We will use the built-in mtcars dataset (Motor Trend Car Road Tests).
# Load the data
data(mtcars)
# 1. Histogram (Frequency of Miles Per Gallon)
hist(mtcars$mpg, col="skyblue", main="Histogram of MPG", xlab="Miles Per Gallon")
# 2. Box Plot (Range of Horsepower)
boxplot(mtcars$hp, col="orange", main="Box Plot of Horsepower", ylab="Horsepower")
# 3. Scatter Plot (MPG vs Weight)
plot(mtcars$wt, mtcars$mpg, main="Scatter Plot: MPG vs Weight",
xlab="Weight", ylab="MPG", pch=19, col="blue")
# 4. Frequency Density (Density of MPG)
plot(density(mtcars$mpg), main="Frequency Density of MPG", col="red", lwd=2)
We will check how Horsepower (hp) affects Miles Per Gallon (mpg).
# 1. Correlation
correlation_value <- cor(mtcars$hp, mtcars$mpg)
print(paste("Correlation:", correlation_value))
## [1] "Correlation: -0.776168371826586"
# 2. Simple Linear Regression Model
# mpg (Dependent) ~ hp (Independent)
simple_model <- lm(mpg ~ hp, data = mtcars)
summary(simple_model)
##
## Call:
## lm(formula = mpg ~ hp, data = mtcars)
##
## Residuals:
## Min 1Q Median 3Q Max
## -5.7121 -2.1122 -0.8854 1.5819 8.2360
##
## Coefficients:
## Estimate Std. Error t value Pr(>|t|)
## (Intercept) 30.09886 1.63392 18.421 < 2e-16 ***
## hp -0.06823 0.01012 -6.742 1.79e-07 ***
## ---
## Signif. codes: 0 '***' 0.001 '**' 0.01 '*' 0.05 '.' 0.1 ' ' 1
##
## Residual standard error: 3.863 on 30 degrees of freedom
## Multiple R-squared: 0.6024, Adjusted R-squared: 0.5892
## F-statistic: 45.46 on 1 and 30 DF, p-value: 1.788e-07
Interpretation: * Intercept & Slope: The intercept is the predicted MPG when HP is zero. The slope for ‘hp’ is negative, meaning as Horsepower increases, MPG decreases. * T-test & P-value: The p-value for ‘hp’ is very small (less than 0.05), suggesting that Horsepower is a significant predictor. * Adj R-square: This tells us how much of the variation in MPG is explained by Horsepower alone.

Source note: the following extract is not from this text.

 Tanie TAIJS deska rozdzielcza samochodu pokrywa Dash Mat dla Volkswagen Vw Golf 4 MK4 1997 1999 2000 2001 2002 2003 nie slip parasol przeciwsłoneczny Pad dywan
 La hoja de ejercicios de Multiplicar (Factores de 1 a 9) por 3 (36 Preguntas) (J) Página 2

# Plotting the regression model
plot(mtcars$hp, mtcars$mpg, main="Regression: MPG on Horsepower")
abline(simple_model, col="red", lwd=2)
Now we add Weight (wt) as a second independent variable to see if the model improves.

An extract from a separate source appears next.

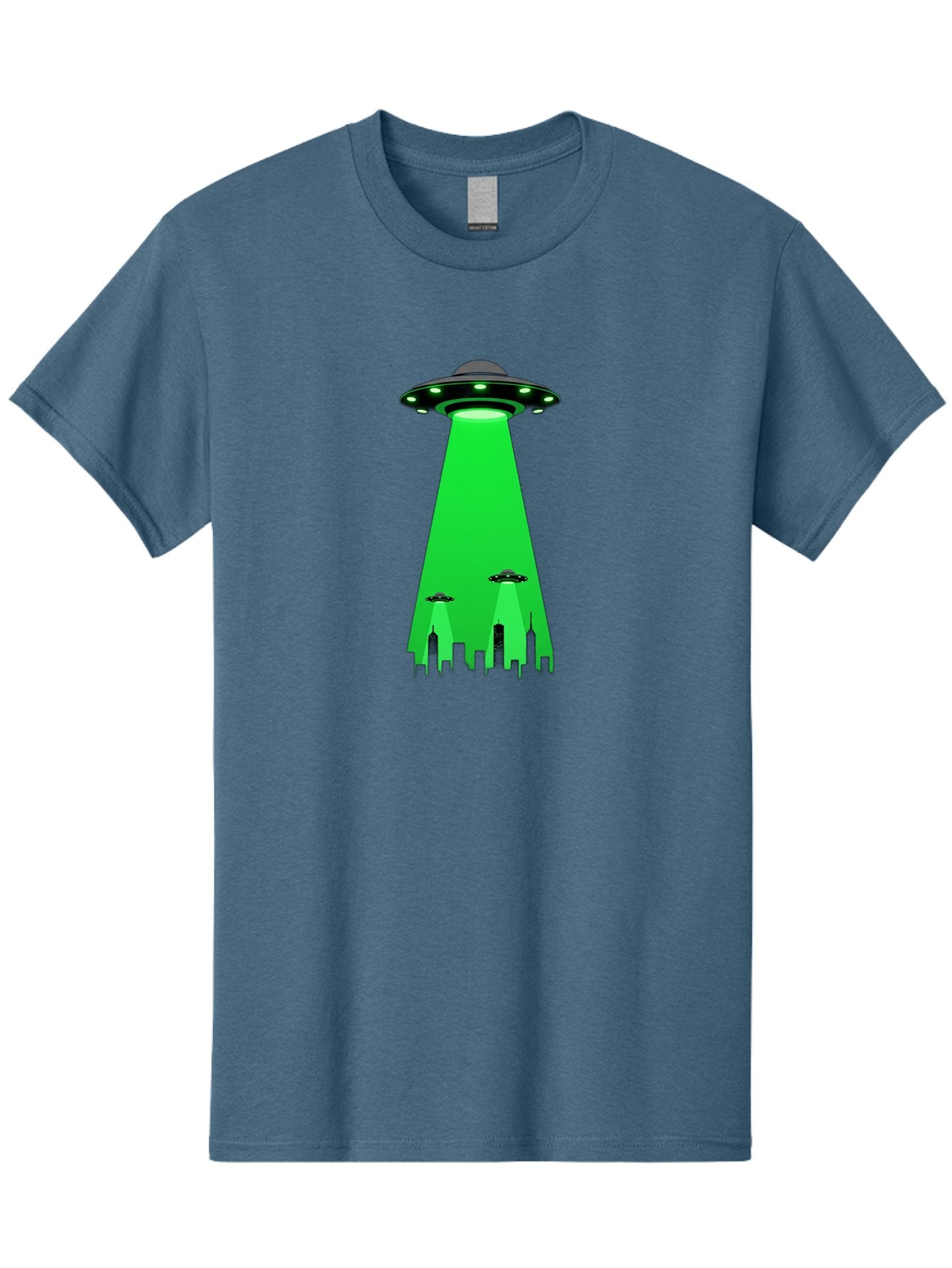 Ufo-Invasion Men'S Graphic Tee, 100% Cotton, Comfortable Casual Summer Wear, Machine Washable, Ufo, Unidentified Flying Object, Alien Spacecraft, Cityscape, Skyscrapers, Mysterious Lights, Extraterrestrial Life, Science Fiction, Bac534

# Multiple Regression Model
multiple_model <- lm(mpg ~ hp + wt, data = mtcars)
summary(multiple_model)
##
## Call:
## lm(formula = mpg ~ hp + wt, data = mtcars)
##
## Residuals:
## Min 1Q Median 3Q Max
## -3.941 -1.600 -0.182 1.050 5.854
##
## Coefficients:
## Estimate Std. Error t value Pr(>|t|)
## (Intercept) 37.22727 1.59879 23.285 < 2e-16 ***
## hp -0.03177 0.00903 -3.519 0.00145 **
## wt -3.87783 0.63273 -6.129 1.12e-06 ***
## ---
## Signif. codes: 0 '***' 0.001 '**' 0.01 '*' 0.05 '.' 0.1 ' ' 1
##
## Residual standard error: 2.593 on 29 degrees of freedom
## Multiple R-squared: 0.8268, Adjusted R-squared: 0.8148
## F-statistic: 69.21 on 2 and 29 DF, p-value: 9.109e-12
| Basis of Comparison | Simple Model (MPG ~ HP) | Multiple Model (MPG ~ HP + WT) |
|---|---|---|
| R-Square | ~0.60 | ~0.82 |
| Adjusted R-Square | ~0.59 | ~0.81 |
| F-test | Significant | More Significant |
Interpretation: The Multiple Regression model is better because the Adjusted R-square increased significantly (from ~0.60 to ~0.81). This means adding ‘Weight’ explains much more of the variation in car mileage than just ‘Horsepower’ alone. Both variables have significant T-tests as their p-values are below 0.05.